**PROBLEM**
Your task is to copy the lines from the line containing "Čokoláda Jeden Tag" through the end of the listing below, both included, without any pictures.

**INPUT**
----
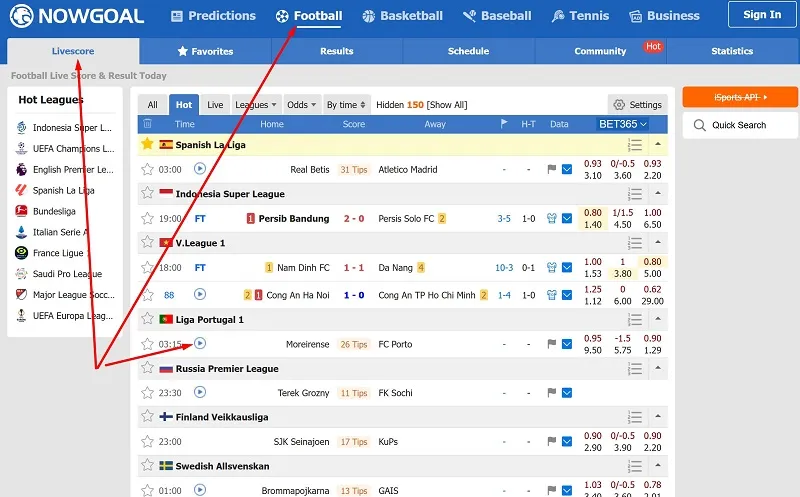 Cách dùng Nowgoal livescore để theo dõi trận đấu hàng ngày cho người mới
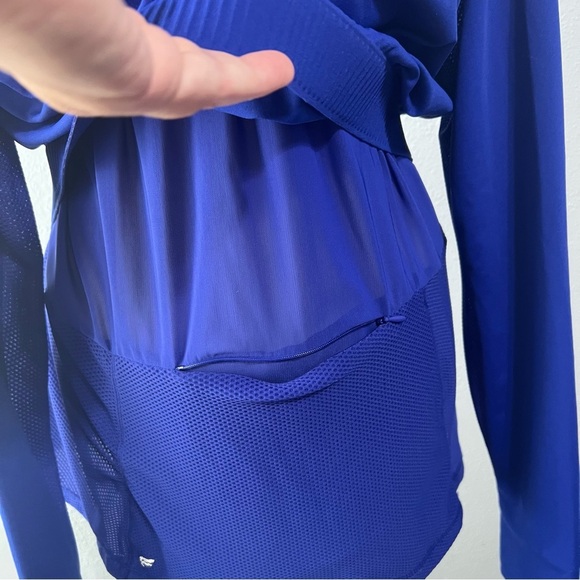 Fabletics Women's Blue Jacket - Picture 7 of 11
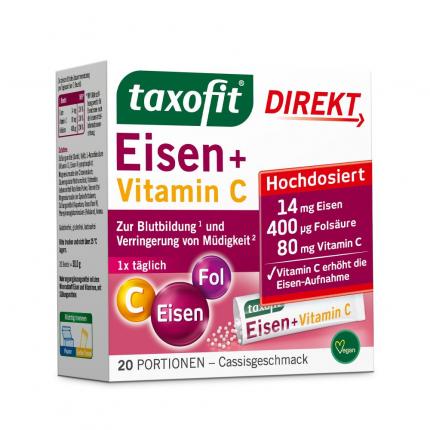 taxofit DIREKT Eisen + Vitamin C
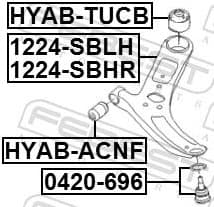 Control/Trailing Arm, wheel suspension 1224-SBLH - image 2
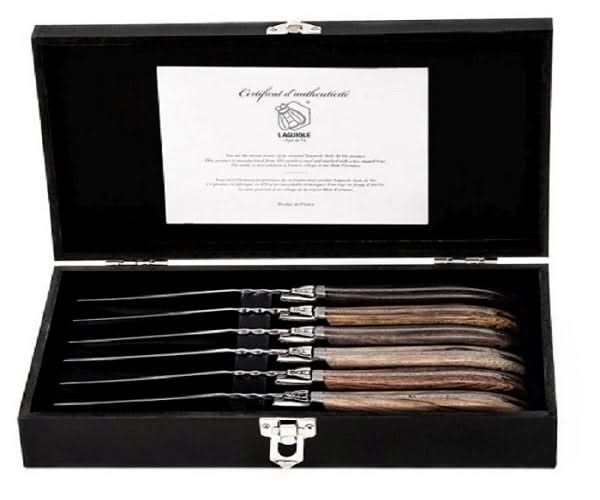 Ensemble de couteaux a steak Laguiole Style De Vie - Luxury Line - 6 pièces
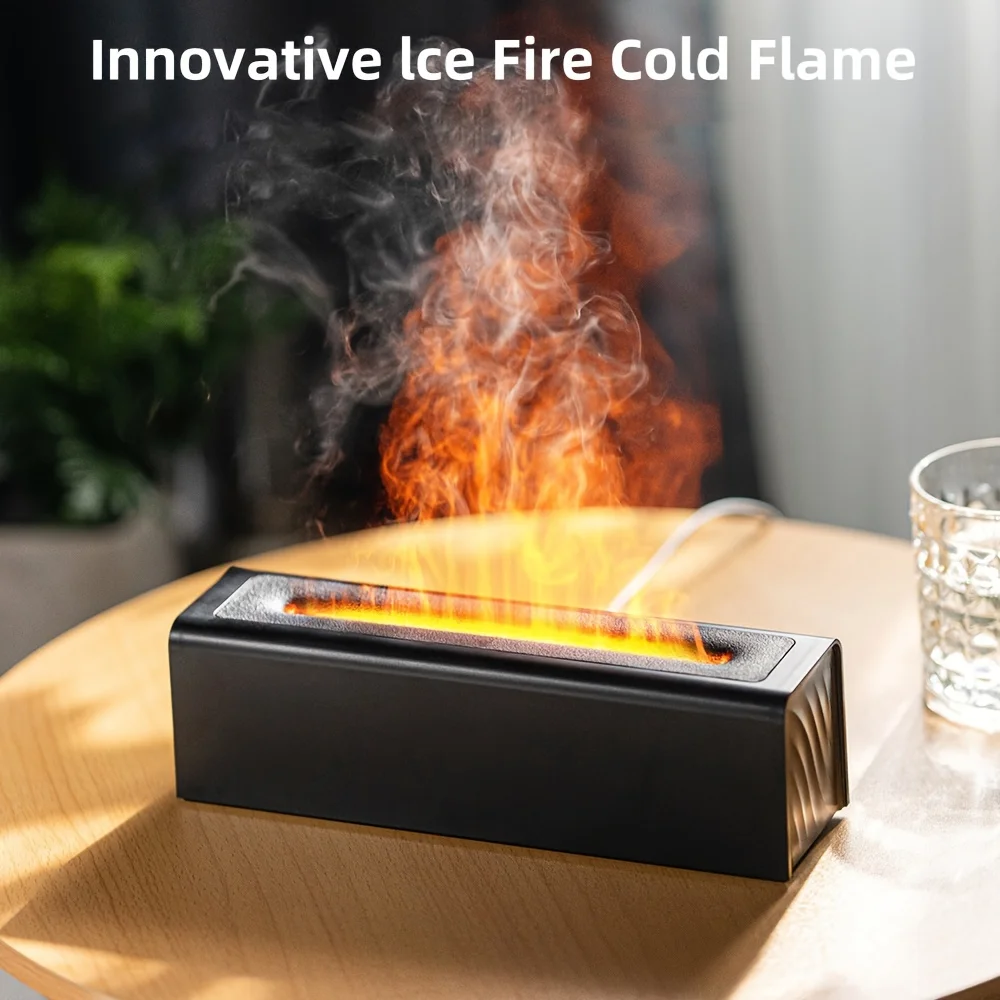 Flame-Effect Aroma Diffuser with 7-Colour Light - Image 4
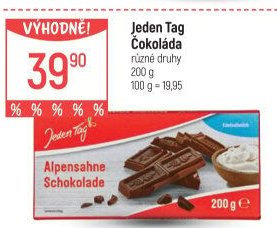 Čokoláda Jeden Tag
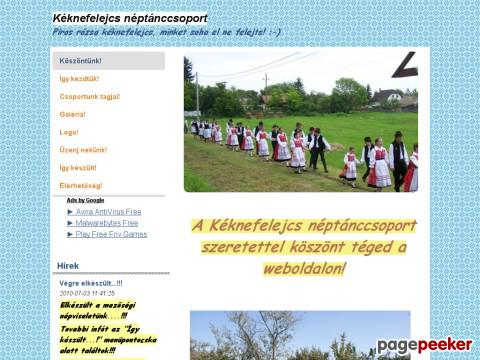 Keknefelejcs - Köszöntünk az oldalon...!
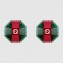Gucci Logo Square Stud Earrings Red/Green 2018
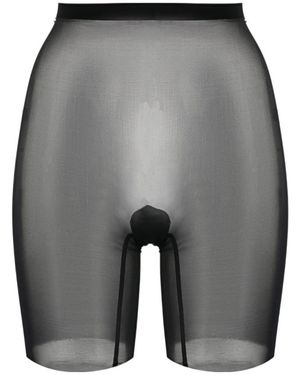 Wolford Tulle Control Mesh Shorts - Grey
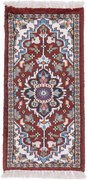 Agra Tappeto orientale 30 x 60 (Indian) Annodato A Mano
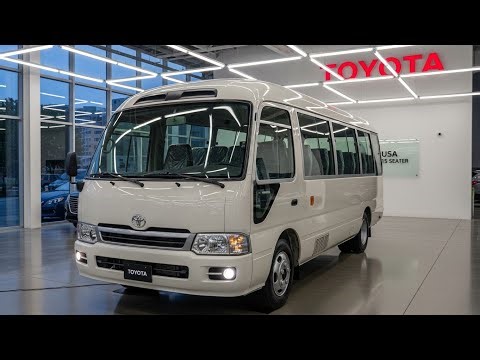 New Toyota Coaster 15 Seater | Reliable Passenger Mini Bus for Comfort and Business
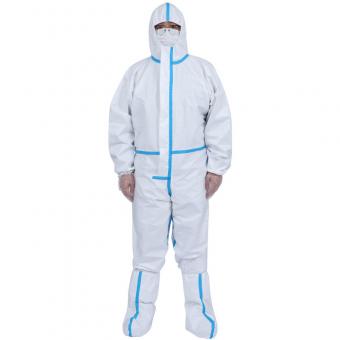 Disposable White Coverall Suit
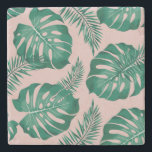 Tropisches Pink & Green Palm Blätter Nahtloses Mus Steinuntersetzer<br><div class="desc">Das tropische Pink & Green Palm Blätter Seamless Pattern ist ein lebendiges Design mit einer Auswahl an rosa und grünen Palmen Blätter, die in einem wiederholt auftretenden Muster angeordnet sind. Das Muster hat ein nahtloses Layout, das bedeutet, dass die Kanten des Designs nahtlos zusammenpassen, um ein durchgängiges und ununterbrochenes Muster...</div>
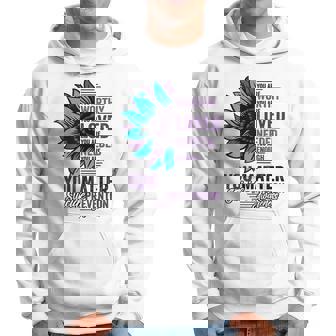 Suicide Prevention Awareness You Are Worthy Loved You Matter Hoodie - Thegiftio UK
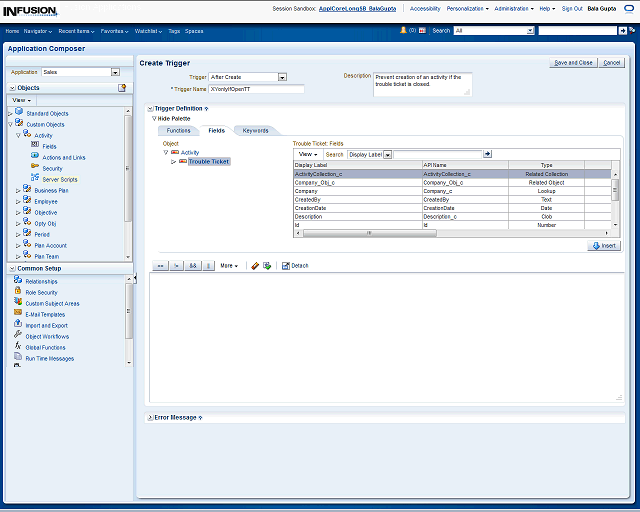 Screen image of this step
----
**RESPONSE TO THE EXERCISE**
 Čokoláda Jeden Tag
 Keknefelejcs - Köszöntünk az oldalon...!
Gucci Logo Square Stud Earrings Red/Green 2018
 Wolford Tulle Control Mesh Shorts - Grey
 Agra Tappeto orientale 30 x 60 (Indian) Annodato A Mano
 New Toyota Coaster 15 Seater | Reliable Passenger Mini Bus for Comfort and Business
 Disposable White Coverall Suit
 Tropisches Pink & Green Palm Blätter Nahtloses Mus Steinuntersetzer<br><div class="desc">Das tropische Pink & Green Palm Blätter Seamless Pattern ist ein lebendiges Design mit einer Auswahl an rosa und grünen Palmen Blätter, die in einem wiederholt auftretenden Muster angeordnet sind. Das Muster hat ein nahtloses Layout, das bedeutet, dass die Kanten des Designs nahtlos zusammenpassen, um ein durchgängiges und ununterbrochenes Muster...</div>
 Suicide Prevention Awareness You Are Worthy Loved You Matter Hoodie - Thegiftio UK
 Screen image of this step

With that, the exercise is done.